A dynamic, extensible Python client for the APIHUB service supporting any APIs following the extract → status → retrieve pattern
Project description
ApiHub Python Client
A Python client for the ApiHub service that provides a clean, Pythonic interface for document processing APIs following the extract → status → retrieve pattern.
🚀 Features
- Simple API Interface: Clean, easy-to-use client for ApiHub services
- File Processing: Support for document processing with file uploads
- Status Monitoring: Track processing status with polling capabilities
- Error Handling: Comprehensive exception handling with meaningful messages
- Flexible Parameters: Support for custom parameters and configurations
- Automatic Polling: Optional wait-for-completion functionality
- Type Safety: Full type hints for better development experience
📦 Installation
pip install apihub-python-client
Or install from source:
git clone https://github.com/Zipstack/apihub-python-client.git
cd apihub-python-client
pip install -e .
🎯 Quick Start
Basic Usage
from apihub_client import ApiHubClient
# Initialize the client
client = ApiHubClient(
api_key="your-api-key-here",
base_url="https://api-hub.us-central.unstract.com/api/v1"
)
# Process a document with automatic completion waiting
result = client.extract(
endpoint="bank_statement",
vertical="table",
sub_vertical="bank_statement",
file_path="statement.pdf",
wait_for_completion=True,
polling_interval=3 # Check status every 3 seconds
)
print("Processing completed!")
print(result)
🛠️ Common Use Cases
All Table Extraction API
# Step 1: Discover tables from the uploaded PDF
initial_result = client.extract(
endpoint="discover_tables",
vertical="table",
sub_vertical="discover_tables",
ext_cache_result="true",
ext_cache_text="true",
file_path="statement.pdf"
)
file_hash = initial_result.get("file_hash")
print("File hash", file_hash)
discover_tables_result = client.wait_for_complete(file_hash,
timeout=600, # max wait for 10 mins
polling_interval=3 # polling every 3s
)
tables = json.loads(discover_tables_result['data'])
print(f"Total tables in this document: {len(tables)}")
all_table_result = []
# Step 2: Extract specific table
for i, table in enumerate(tables):
table_result = client.extract(
endpoint="extract_table",
vertical="table",
sub_vertical="extract_table",
file_hash=file_hash,
ext_table_no=i, # extracting nth table
wait_for_completion=True
)
print(f"Extracted table : {table['table_name']}")
all_table_result.append({table["table_name"]: table_result})
print("All table result")
print(all_table_result)
Bank Statement Extraction API
# Process bank statement
result = client.extract(
endpoint="bank_statement",
vertical="table",
sub_vertical="bank_statement",
file_path="bank_statement.pdf",
wait_for_completion=True,
polling_interval=3
)
print("Bank statement processed:", result)
Step-by-Step Processing
# Step 1: Start processing
initial_result = client.extract(
endpoint="discover_tables",
vertical="table",
sub_vertical="discover_tables",
file_path="document.pdf"
)
file_hash = initial_result["file_hash"]
print(f"Processing started with hash: {file_hash}")
# Step 2: Monitor status
status = client.get_status(file_hash)
print(f"Current status: {status['status']}")
# Step 3: Wait for completion (using wait_for_complete method)
final_result = client.wait_for_complete(
file_hash=file_hash,
timeout=600, # Wait up to 10 minutes
polling_interval=3 # Check every 3 seconds
)
print("Final result:", final_result)
Using Cached Files
Once a file has been processed, you can reuse it by file hash:
# Process a different operation on the same file
table_result = client.extract(
endpoint="extract_table",
vertical="table",
sub_vertical="extract_table",
file_hash="previously-obtained-hash",
ext_table_no=1, # Extract second table.

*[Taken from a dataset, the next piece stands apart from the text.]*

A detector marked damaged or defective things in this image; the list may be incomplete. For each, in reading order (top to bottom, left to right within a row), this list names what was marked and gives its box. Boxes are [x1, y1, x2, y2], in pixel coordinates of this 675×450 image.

Indexing starts at 0
wait_for_completion=True
)
🔧 Configuration
Environment Variables
Create a .env file:
API_KEY=your_api_key_here
BASE_URL=https://api.example.com
LOG_LEVEL=INFO
Then load in your code:
import os
from dotenv import load_dotenv
from apihub_client import ApiHubClient
load_dotenv()
client = ApiHubClient(
api_key=os.getenv("API_KEY"),
base_url=os.getenv("BASE_URL")
)
📚 API Reference
ApiHubClient
The main client class for interacting with the ApiHub service.

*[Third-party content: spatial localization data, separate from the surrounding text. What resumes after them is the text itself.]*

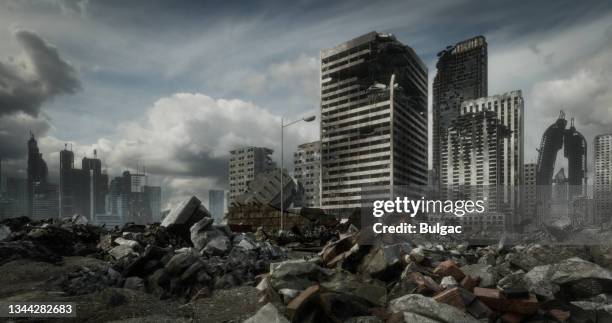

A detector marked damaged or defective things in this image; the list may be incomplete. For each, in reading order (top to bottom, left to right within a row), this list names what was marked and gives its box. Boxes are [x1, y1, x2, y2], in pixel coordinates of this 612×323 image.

damaged high-rise [318, 32, 428, 215]
damaged high-rise [432, 36, 490, 187]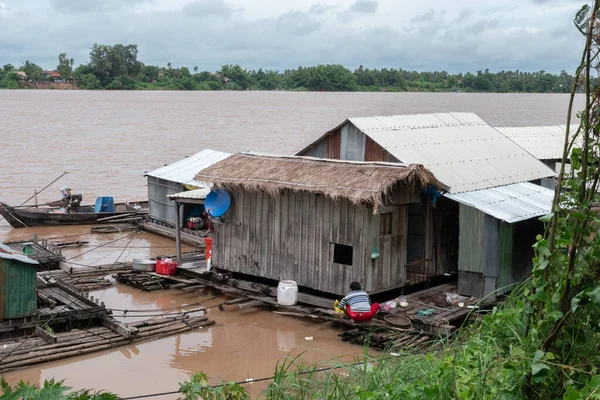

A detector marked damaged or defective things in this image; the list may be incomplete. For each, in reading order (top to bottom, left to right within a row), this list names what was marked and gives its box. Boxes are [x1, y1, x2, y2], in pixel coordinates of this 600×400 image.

rusty metal roof [145, 149, 230, 188]
rusty metal roof [346, 112, 556, 194]
rusty metal roof [446, 183, 552, 223]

client = ApiHubClient(api_key: str, base_url: str)
Parameters:
api_key(str): Your API key for authenticationbase_url(str): The base URL of the ApiHub service
Methods
extract()
Start a document processing operation.
extract(
endpoint: str,
vertical: str,
sub_vertical: str,
file_path: str | None = None,
file_hash: str | None = None,
wait_for_completion: bool = False,
polling_interval: int = 5,
**kwargs
) -> dict
Parameters:
endpoint(str): The API endpoint to call (e.g., "discover_tables", "extract_table")vertical(str): The processing verticalsub_vertical(str): The processing sub-verticalfile_path(str, optional): Path to file for upload (for new files)file_hash(str, optional): Hash of previously uploaded file (for cached operations)wait_for_completion(bool): If True, polls until completion and returns final resultpolling_interval(int): Seconds between status checks when waiting (default: 5)**kwargs: Additional parameters specific to the endpoint
Returns:
dict: API response containing processing results or file hash for tracking
get_status()
Check the status of a processing job.
get_status(file_hash: str) -> dict
Parameters:
file_hash(str): The file hash returned from extract()
Returns:
dict: Status information including current processing state
retrieve()
Get the final results of a completed processing job.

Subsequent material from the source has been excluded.